Web crawling and its limitations

tags:

web-crawler

views:

208

answers:

+1 Q:

Web crawling and its limitations

Let's say that we place a file on the web that is publicly assessable if you know the direct URL. There are no links pointing to the file and directory listings have been disabled on the server as well. So while it is publicly accessible, there is no way to reach the page except for typing in the exact URL to this file. What are the chances that a web crawler of any sort (nice or malicious) is able to locate this file by crawling and then indexing the file.

To me, even though it is publicly accessible, its going to require luck or specific knowledge of finding the file. Much like burying gold in by back yard and having someone find it without a map or knowing something is buried there.

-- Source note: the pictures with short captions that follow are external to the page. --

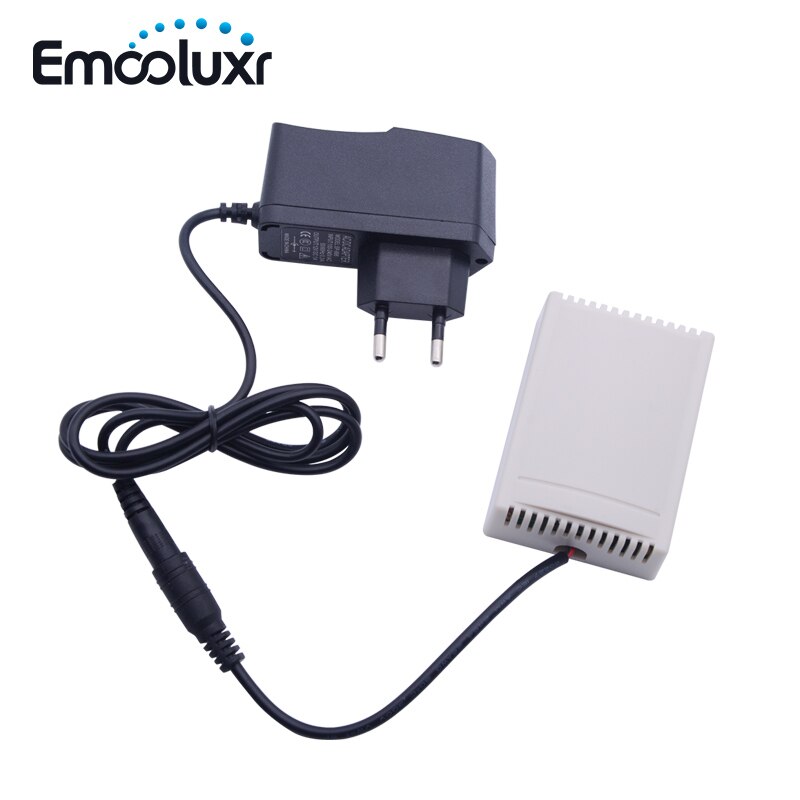 Wireless Relay output control home appliance for G90B WIFI GSM alarm Security GPRS Golden Security smart home alarm system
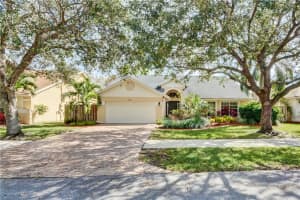 7312 NW 45th Ave, Coconut Creek, FL 33073, Sold 03/30/18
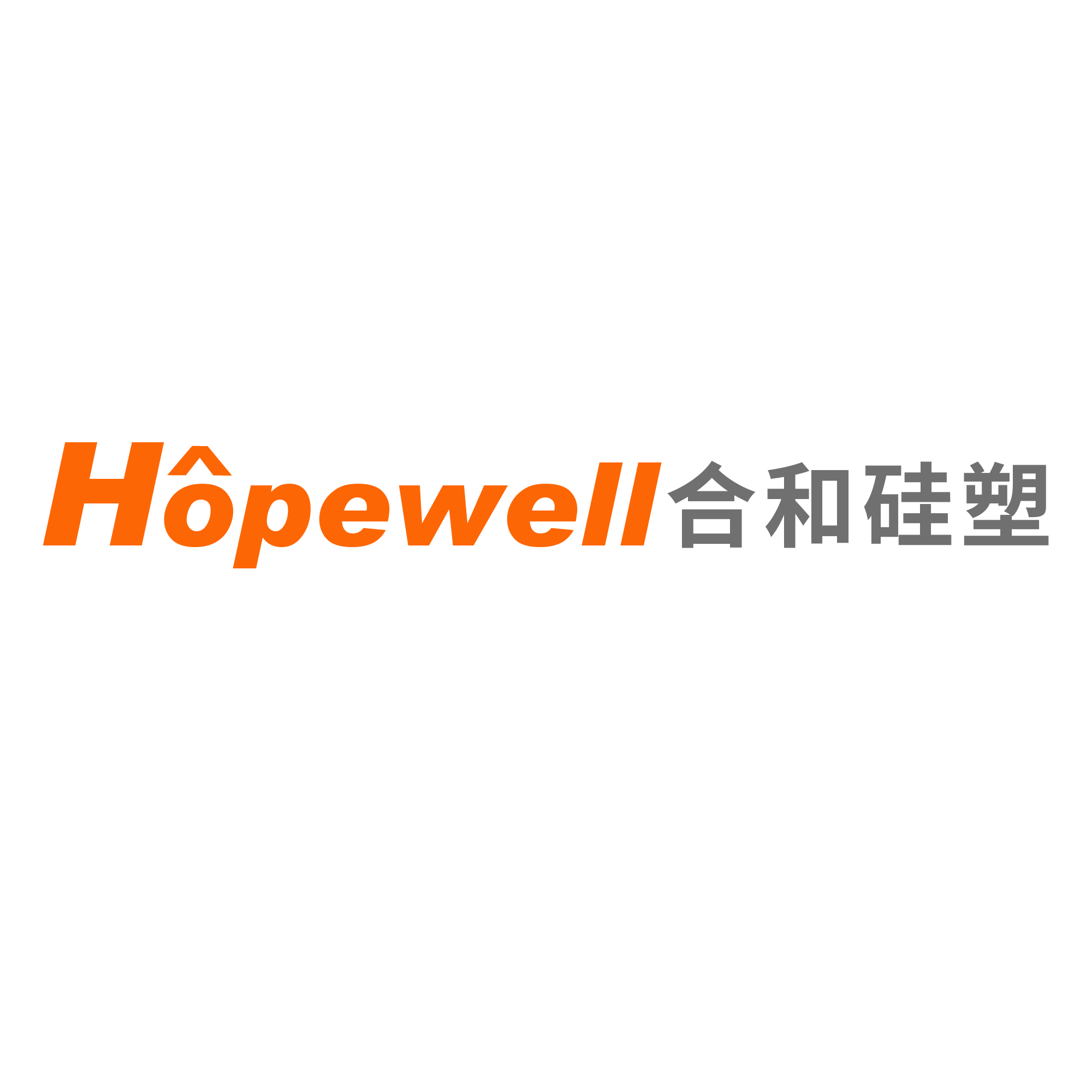 DongGuan Hopewell Silicon Plastic Tech Co., Ltd.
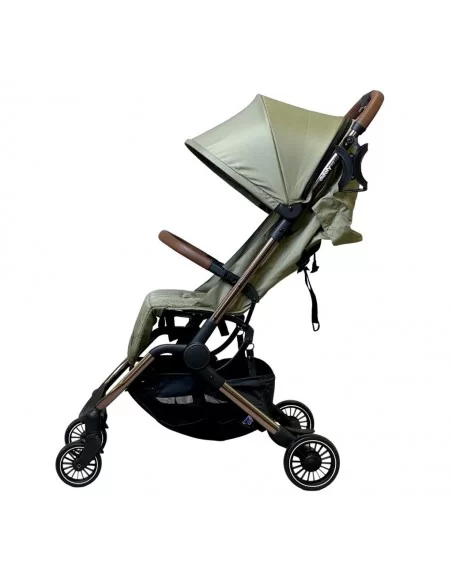 Didofy Aster 2 Pushchair-Olive Didofy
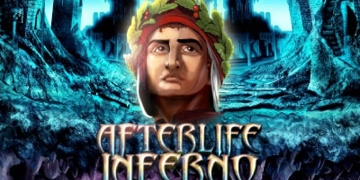 Slot Brand Image for Afterlife Inferno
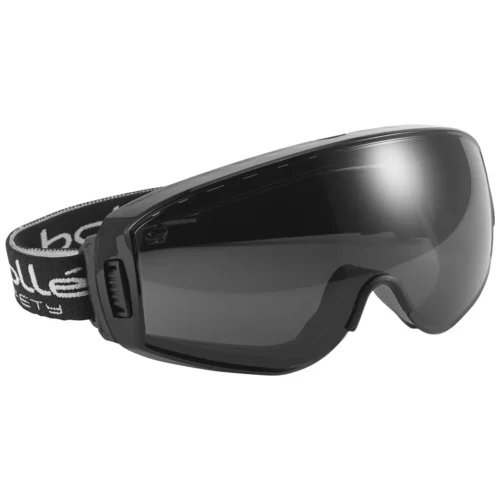 BOLLÉ® kaitseprillid Pilot Smoke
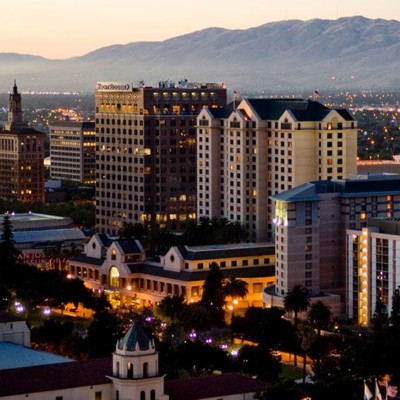 Experience the Beauty of San Jose
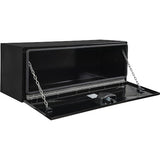 Buyers Products Pro Series Black Steel Underbody Truck Tool Box (MPN: 1752810)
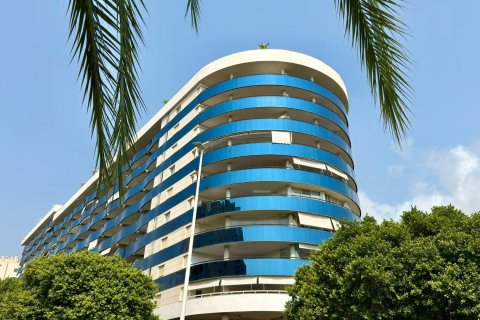 Appartamento in vendita a Villajoyosa, Alicante, Spagna 1 camera da letto, 68 mq. N° 130590 - foto 30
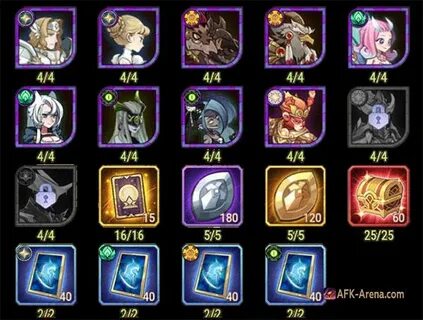 Type soul afk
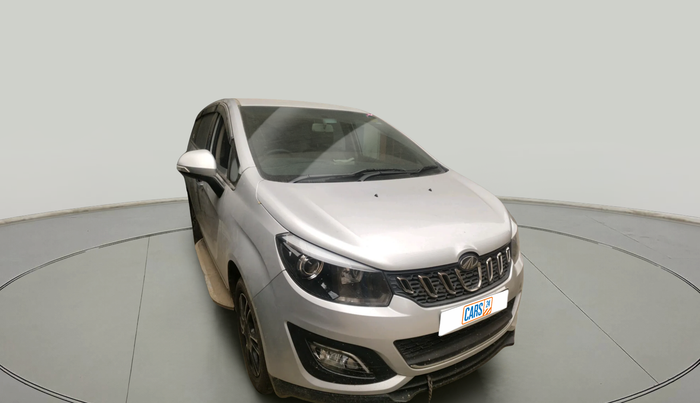 2019 Mahindra MARAZZO M8 8 STR, Diesel, Manual, 30,093 km, exterior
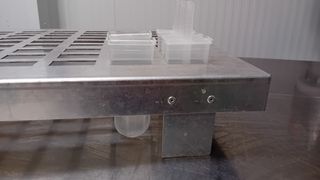 Stampi per ghiaccioli e palette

I just can't see any other way it would be discovered, but that's why I'm asking the stackoverflow community.

Thanks.

+1 A:

Links can occur anywhere - someone could Twitter a link to it, or post it on Facebook, or in a comment on a blog. It only takes one.

If it's vital that it not show up anywhere, put it behind a password.

If it's not vital but you'd still prefer it not be easily accessible via search engine, use a robots.txt file to block well behaved crawlers.

ceejayoz 2009-05-25 17:51:48

Wouldn't a robots.txt indicate the URL to badly-behaved crawlers, who otherwise wouldn't ever have found it?

MarkJ 2009-05-25 19:29:09

Yes, which is why I said "if it's not vital". Bad crawlers aren't (usually) feeding public-facing search engines, so if search engine indexing is the main concern robots.txt is an acceptable approach.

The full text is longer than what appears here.